Samuels is one of a small remaining group of survivors of the Farhud, and during the past decade he has begun to write about and speak publicly about this dark chapter to various groups in Southern California.
“I was 11 years old when the Farhud broke out in Baghdad against the Jews,” said Samuels, who now lives in Santa Monica. “It was a horrible massacre of Jews for two days straight, with mobs of Muslims slaughtering the Jewish men, raping the Jewish women and throwing the little kids in the Tigress River.”
Samuels said Jewish homes and businesses in Baghdad also were looted during the Farhud, which was incited by the pro-Nazi regime in control of Iraq and by daily anti-Semitic radio broadcasts made by the Grand Mufti of Jerusalem, Hajj Amin al-Husayni. “My two uncles had their homes looted but escaped the mobs by jumping from the different roofs of homes in Baghdad’s Jewish quarter,” he said. “I was so frightened as a child — we brought furniture to reinforce the door in our home, which was located just outside the Jewish quarter. I saw Muslims looting outside, and I still remember them saying, ‘We’ll come back for you!’ since they knew which homes were Jewish because of mezuzahs.”

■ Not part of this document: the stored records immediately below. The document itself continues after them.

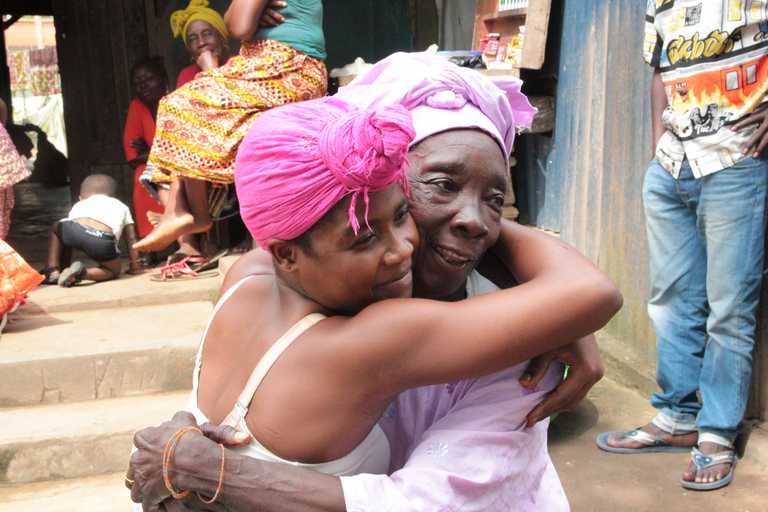 Aminata umarmt glücklich ihre Großmutter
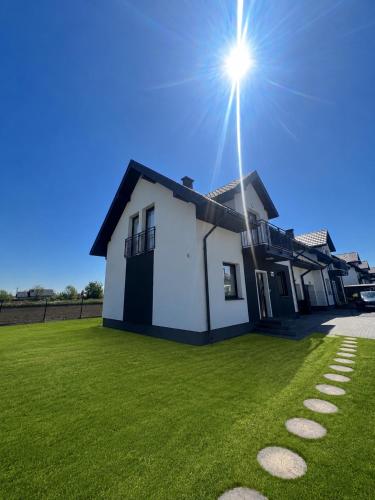 Зовнішній вигляд готелю, Villa Serenity in Янкі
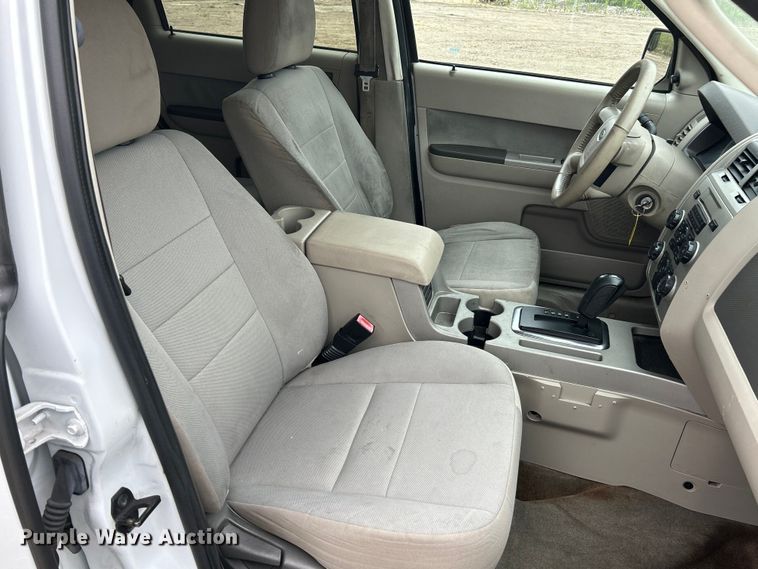 image for item NL9548 2011 Ford Escape XLT  SUV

Although official records of the massacre claim nearly 180 Jews were killed and a few hundred injured, Samuels said the Iraqi Jewish community long has believed the number of Jews killed is closer to 1,000. He said he and his family survived the Farhud because British forces invaded Baghdad and stopped the violent mobs. Still, the memories of that pogrom haunted Samuels for nearly six decades, along with the painful memories of his escape with his brother from their homeland in 1949 due to the constant persecution of Jews. For many years, he said, he never even spoke to his children or anyone about his difficult life in Iraq, but he finally decided to open up after taking a memoir-writing class.